README.md

September 19, 2018 ยท View on GitHub

@author : Kimberly Insigne kinsigne@ucla.edu

Feb 19, 2018

Please don't hesistate to email me with any questions.

Here's a basic description of where the data lies and how you can use it in your own work.

To locate the raw read counts per bin:

  • There is an Excel file with all of the read counts per bin for each construct.
  • The version of the SNV library used in the main paper is located at processed_data/snv/snv_v2_all_alignments.csv
  • The data for the SRE library is located under processed_data/sre/dhfr/dhfr_all_alignments.csv and processed_data/sre/smn1/smn1_all_alignments.csv for the two different intron backbones.
  • Raw sequencing data is not available at this time due to storage constraints but will be made public upon publication.
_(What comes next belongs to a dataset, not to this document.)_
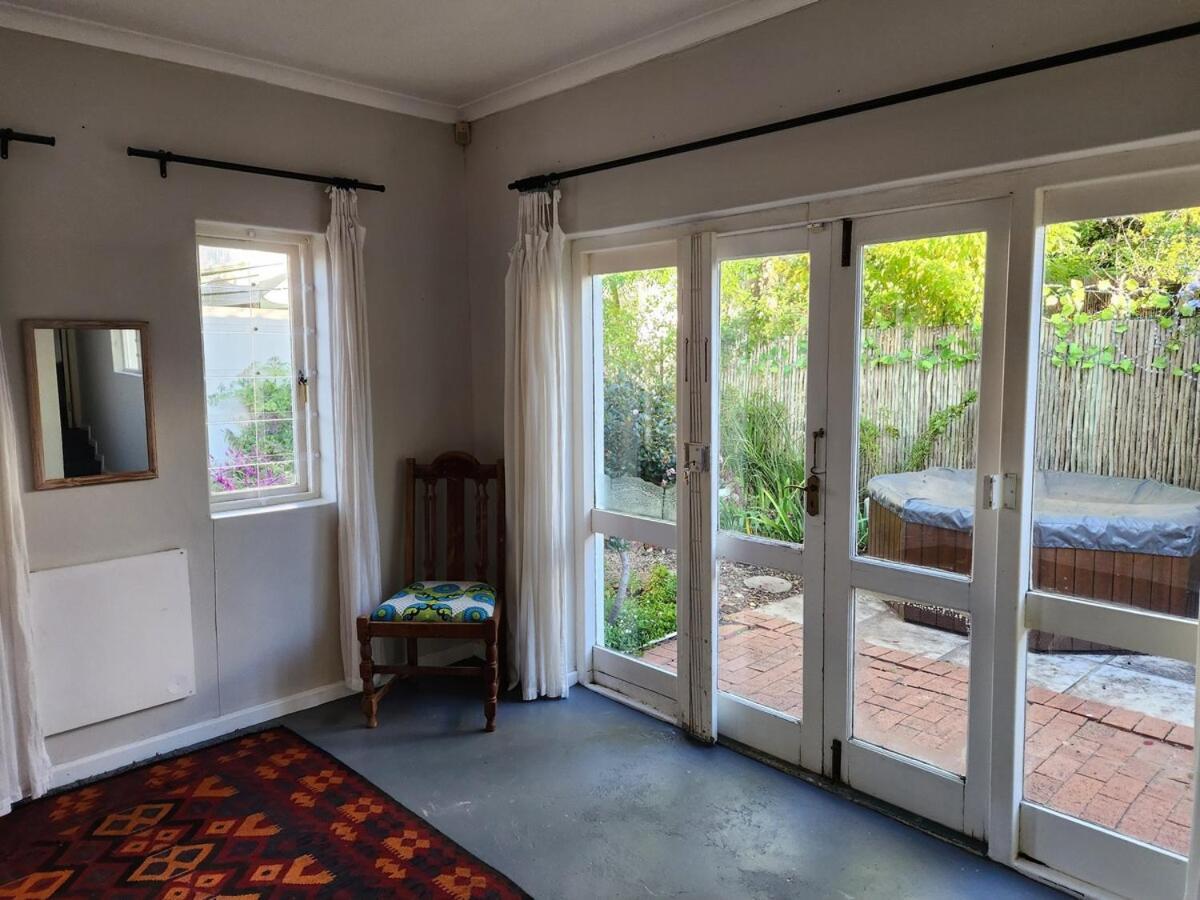 Newlands, Historic Character Home, Solar Installed * Cape Town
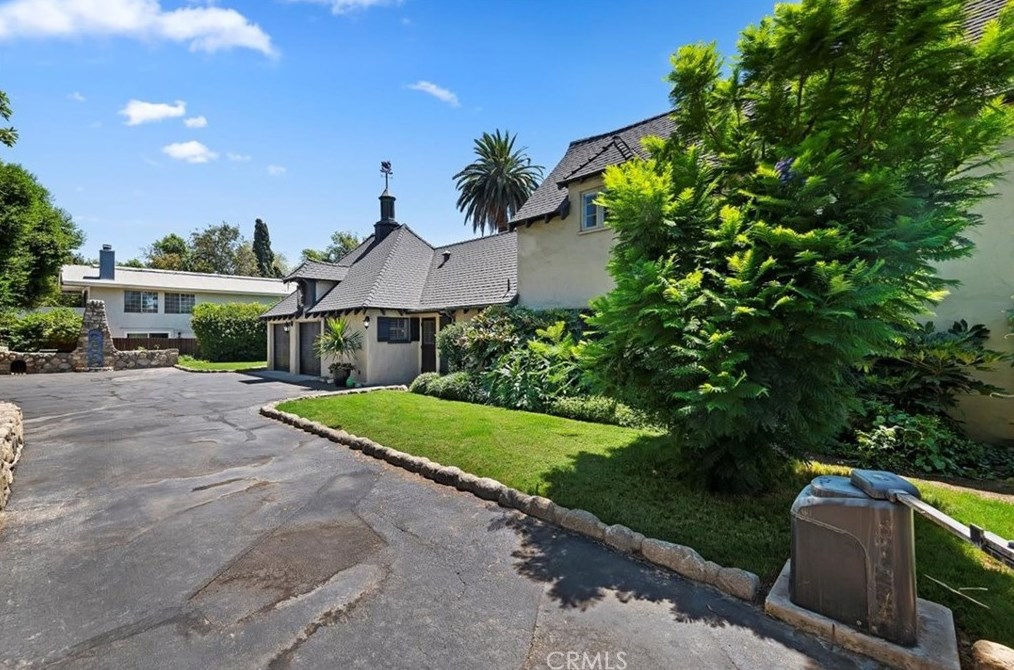 3014 Pine St, Riverside CA  92501-2364 exterior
To located processed and cleaned data:

  • For the SNV library, the Excel file is processed by process_scripts/snv/snv_data_clean.R and produces the file processed_data/snv/snv_data_clean.txt. This is probably the file you will want to work with, it contains the calculated exon inclusion index as well as information integrated from the reference (ref/snv/snv_ref_formatted_converted_original_seq.txt)
  • processed_data/snv/snv_simple_list.txt contains a simplified list of the SDVs identified in the ExAC library and contains coordinates, the reference and alternate alleles, and the delta exon inclusion index.